Gepubliceerd op 14-03-2021

Abraham gottlieb werner

betekenis & definitie

duitsch mineraloog en geoloog, grondlegger der geognosie, geb. 1750 in de Opper-Lausitz; 1775 inspecteur bij de academie voor het mijnwezen en leeraar in de mineralogie te Freiberg, wat hij tot zijn dood bleef. Hij grondde zijn geognosie op waarnemingen aan de aardschors en maakte haar tot een geheel empirische of op ondervinding gegronde wetenschap.
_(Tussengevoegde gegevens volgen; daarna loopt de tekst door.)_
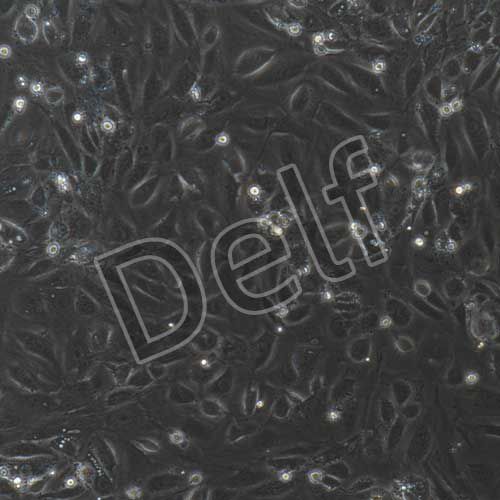 大鼠原代主動(dòng)脈內(nèi)皮細(xì)胞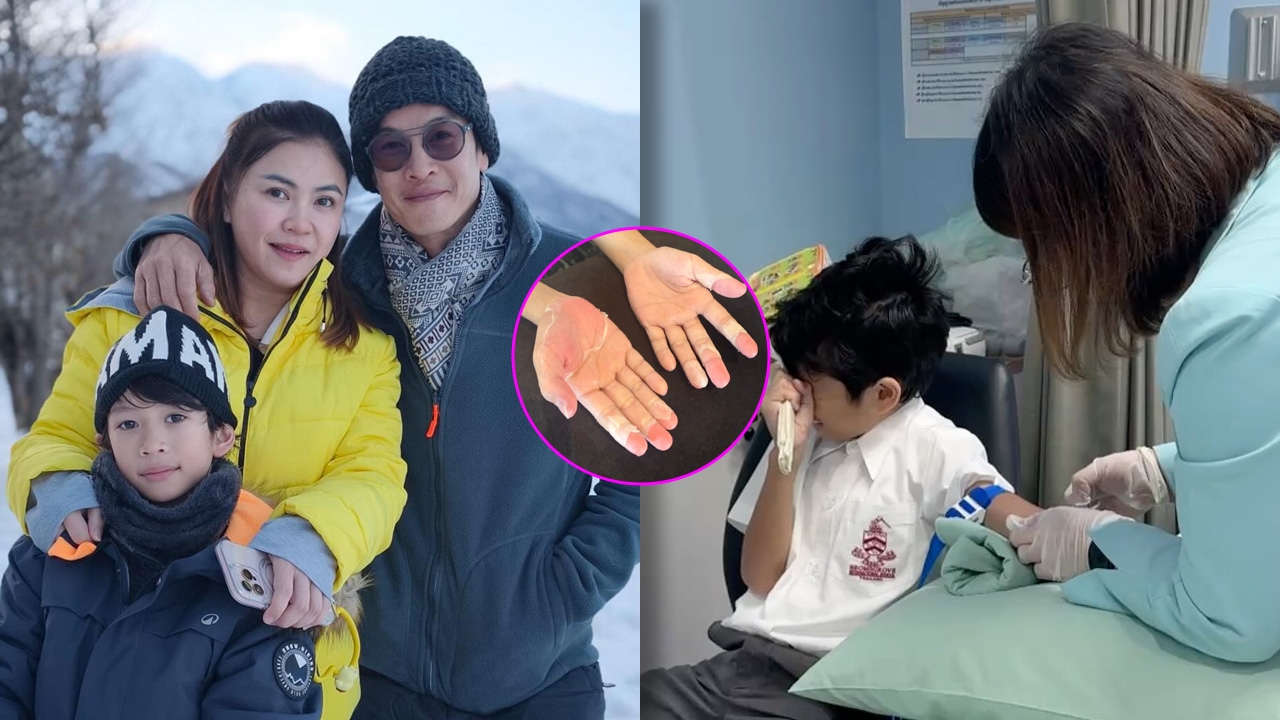 ชาคริต-แอน โล่งใจ อัปเดตอาการ น้องโพธิ์ ลิ้นหัวใจรั่วเกือบปิดสนิท มือเท้าลอกจนเกือบหมดแล้ว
Hij stelde het begrip formatie” juister vast; voor Saksen gaat zijne indeeling der formaties in hoofdzaak nog op: hij legde echter te groot gewicht op de mïneralogische eigenschappen der gesteenten, en hield geen rekening met de versteeningen. Werner overleed in 1817 te Dresden. Te Freiberg is in 1850 een gedenkteeken voor hem opgericht. In 1808 werd te Edinburg de Wernerian Society en in 1816 te Dresden de Wernersche Societät gesticht. Voornaamste geschriften: Kurze Klassifikation und Beschreibung der Gebirgsarten (1787), Neue Theorie über Entstehung der Gänge (1791).